Concept Tested: Time Complexity, Standardization, Computational Complexity

9. Which data augmentation technique would be inappropriate for a digit classification task (0-9)?

  1. Adding small amounts of random noise
  2. Rotating images by 180 degrees
  3. Slightly shifting images horizontally and vertically
  4. Applying small random scaling
Show Answer

The correct answer is B.

Data augmentation should create variations that preserve the true label. Rotating digits by 180 degrees would change a '6' into a '9' or a '1' into an upside-down '1' that might be unrecognizable, fundamentally altering the meaning. Small rotations (like ±15 degrees), noise, shifts, and scaling are appropriate because they simulate real-world variations (handwriting angle, position, size) without changing what digit is represented. Augmentation guidelines: only apply transformations that reflect realistic variations and don't change the label.

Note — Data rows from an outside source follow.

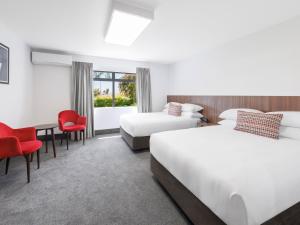 a hotel room with two beds and a desk and chairs at JetPark Hamilton Airport New Zealand in Hamilton +44 photos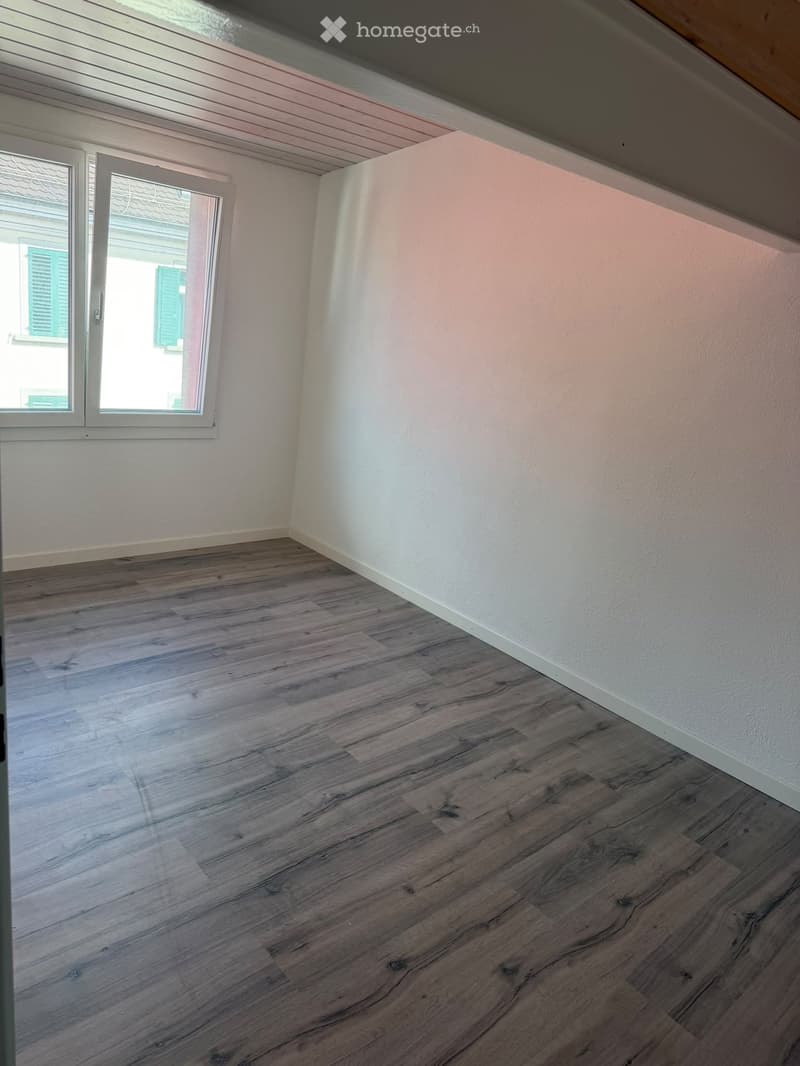 Empty room with wooden flooring and white walls, featuring a large window with shutters.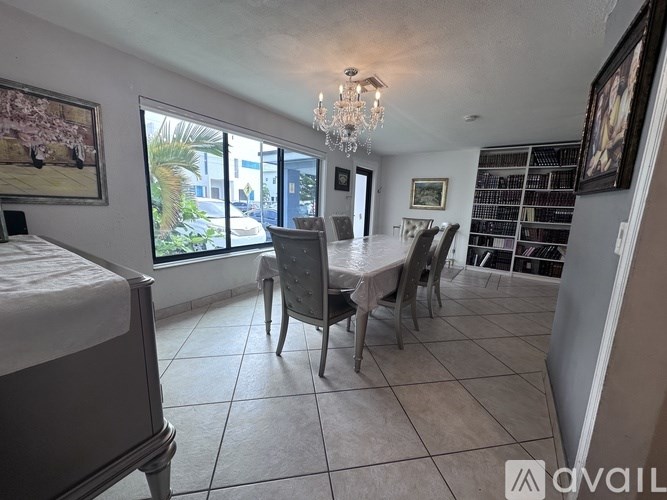 A bedroom with a large bed and a dining area with chairs and a table.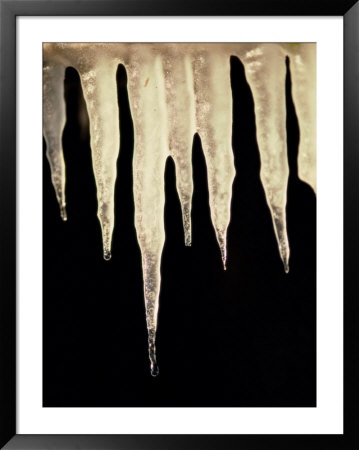 Illuminated Icicles Hang In Front Of A Dark Background by Todd Gipstein Pricing Limited Edition Print image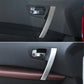Black interior door handle base bracket installed on car door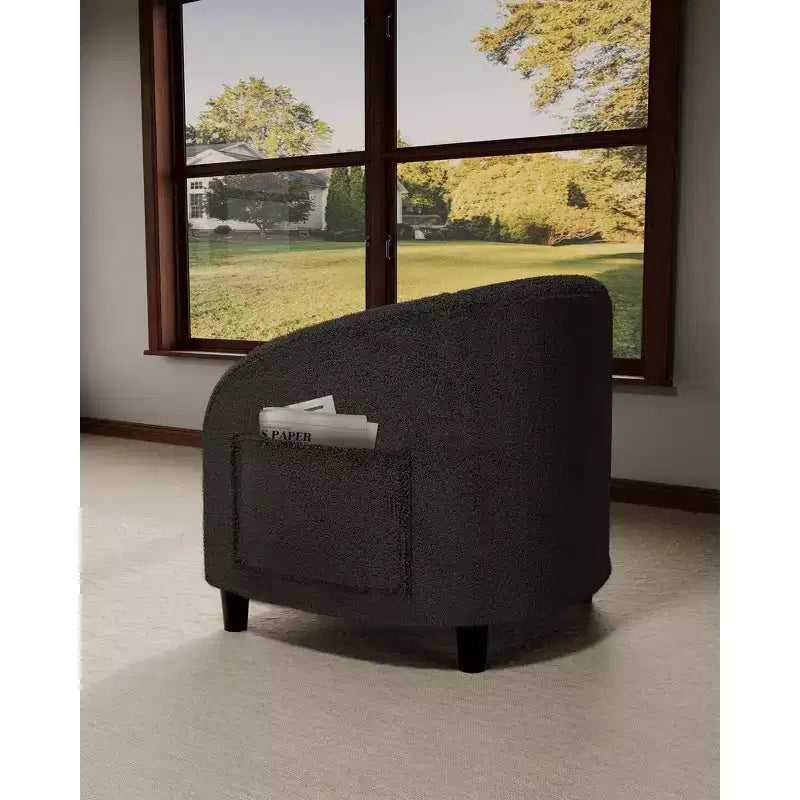 Poltrona a barilotto in tessuto bouclé nei colori nero/grigio scuro/bianco/giallo, con seduta singola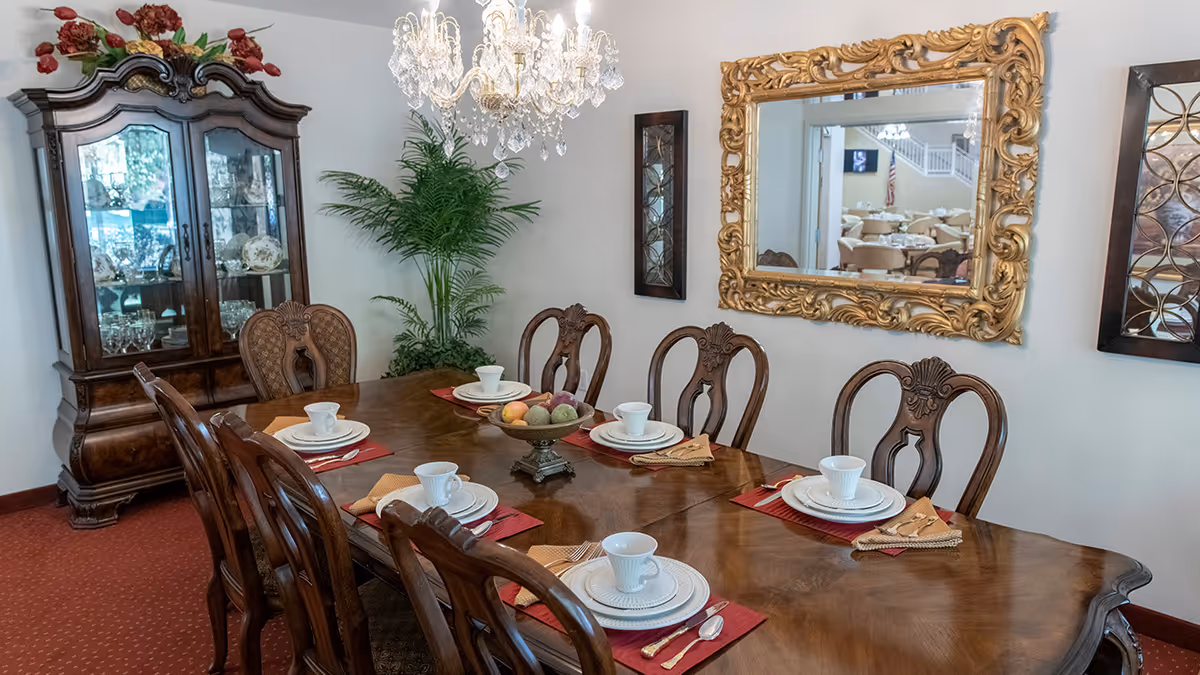 A formal dining room with a long wooden table set for six with white plates, cups, and silverware on red and beige placemats. A decorative bowl with artificial fruit is centered on the table. The room features a large ornate gold-framed mirror on the wall, a crystal chandelier hanging above the table, a tall wooden china cabinet filled with glassware and dishes, and a green potted plant in the corner.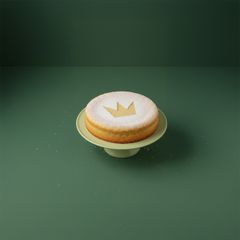 Bild på en rund kaka med en kronformad dekoration av florsocker ovanpå, placerad på ett fat mot en grön bakgrund.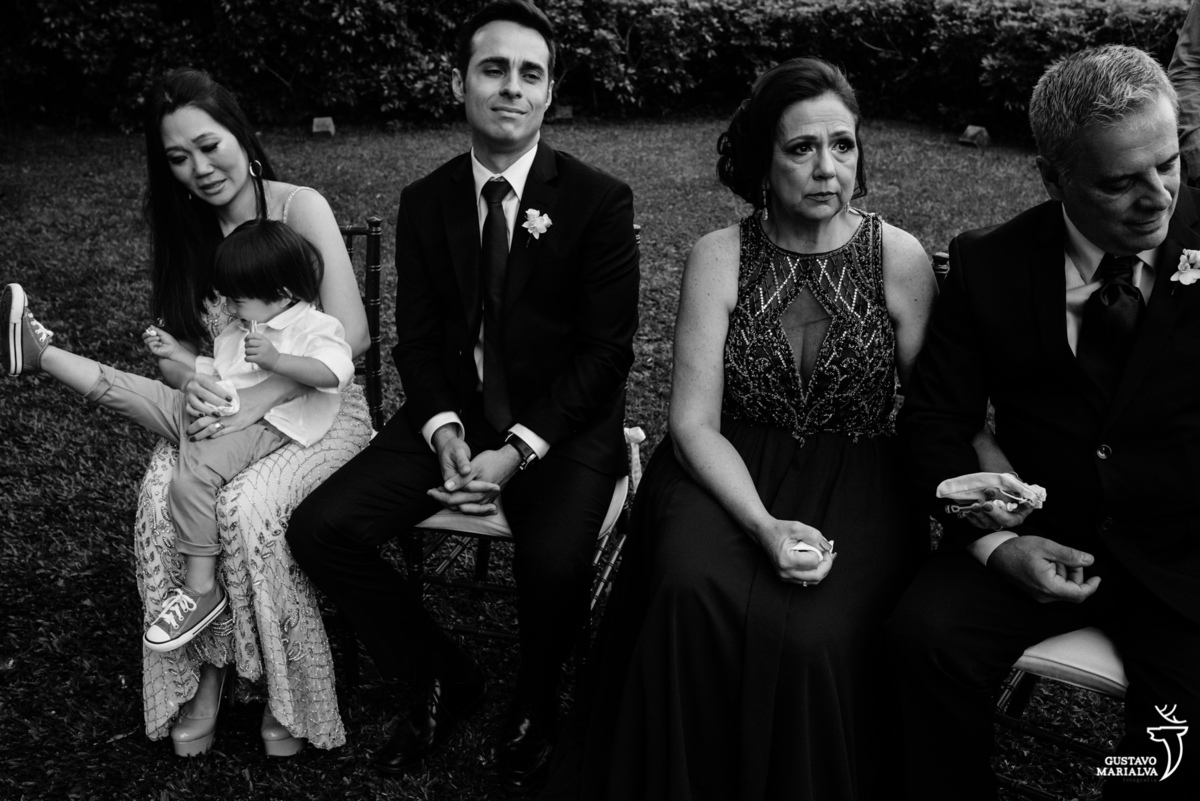 casal chora ao ouvir a cerimônia de casamento enquanto menino brinca no colo da mãe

Concept Tested: Data Augmentation, Data Preprocessing

10. A data scientist notices that K-Nearest Neighbors performs poorly on a dataset but a Random Forest performs well. The only difference in preprocessing was that features were standardized for KNN but not for Random Forest. Which explanation is most likely correct?

  1. Random Forest requires unstandardized features to work properly
  2. The standardization was done incorrectly for KNN
  3. KNN is distance-based and needed standardization, while Random Forest is scale-invariant
  4. Random Forest automatically standardizes features internally
Show Answer

The correct answer is C.

KNN is a distance-based algorithm where features with larger scales dominate distance calculations, making standardization essential. Random Forest uses decision trees that split on threshold values—whether a feature is \(x > 100\) or \(x > 0.5\) doesn't fundamentally change the splits' effectiveness. Tree-based algorithms are scale-invariant. If both algorithms performed well, that would indicate the preprocessing was done correctly (ruling out option B). Random Forest doesn't automatically standardize (option D), and it certainly doesn't require unstandardized features (option A)—it simply doesn't care about scale.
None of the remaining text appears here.